▶ [What you have to do]:
Make an exact copy of every entry, leaving the pictures out.

▶ [Records for this task]:
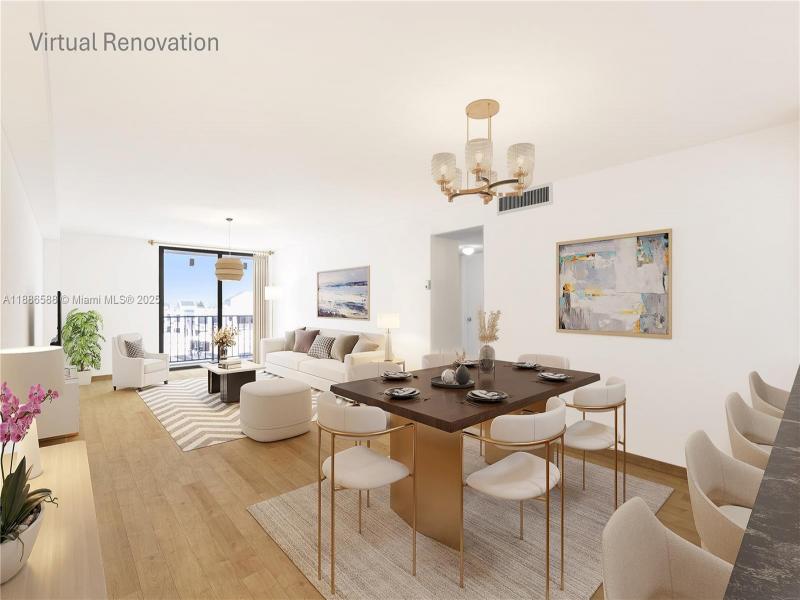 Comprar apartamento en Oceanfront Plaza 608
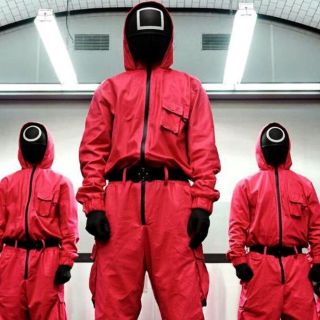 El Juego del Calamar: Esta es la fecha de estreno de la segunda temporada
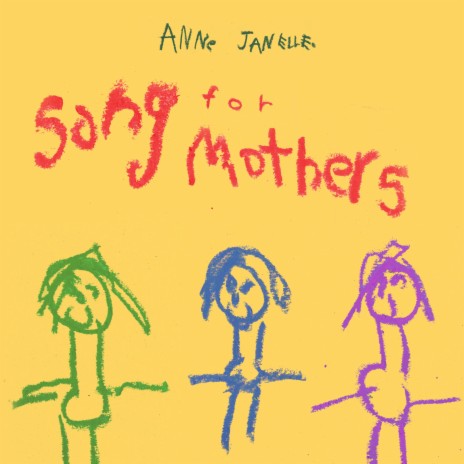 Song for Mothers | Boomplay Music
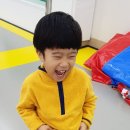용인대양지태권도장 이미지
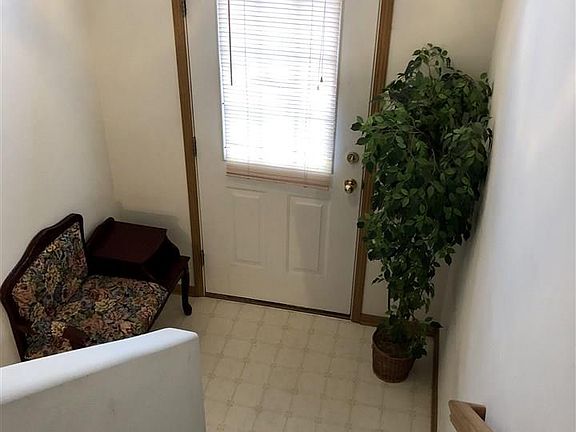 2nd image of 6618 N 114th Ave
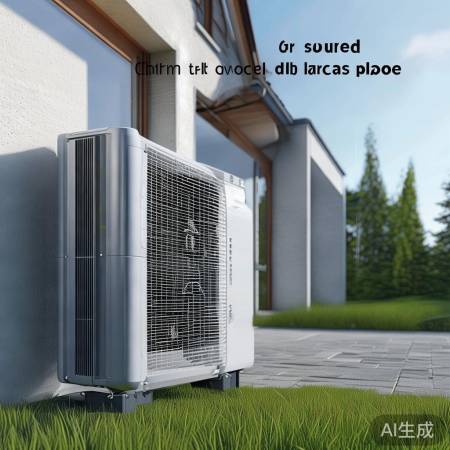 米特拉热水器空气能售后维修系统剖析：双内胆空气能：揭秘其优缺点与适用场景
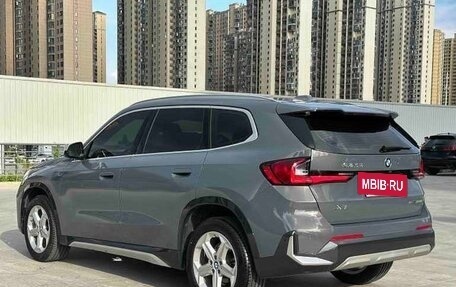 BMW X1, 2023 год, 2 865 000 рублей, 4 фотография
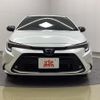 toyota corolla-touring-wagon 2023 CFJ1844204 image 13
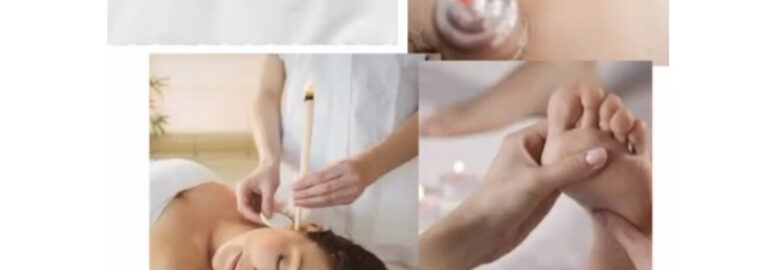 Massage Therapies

▶ [Exercise answer]:
 Comprar apartamento en Oceanfront Plaza 608
 El Juego del Calamar: Esta es la fecha de estreno de la segunda temporada
 Song for Mothers | Boomplay Music
용인대양지태권도장 이미지
 2nd image of 6618 N 114th Ave
 米特拉热水器空气能售后维修系统剖析：双内胆空气能：揭秘其优缺点与适用场景
 BMW X1, 2023 год, 2 865 000 рублей, 4 фотография
 toyota corolla-touring-wagon 2023 CFJ1844204 image 13
 Massage Therapies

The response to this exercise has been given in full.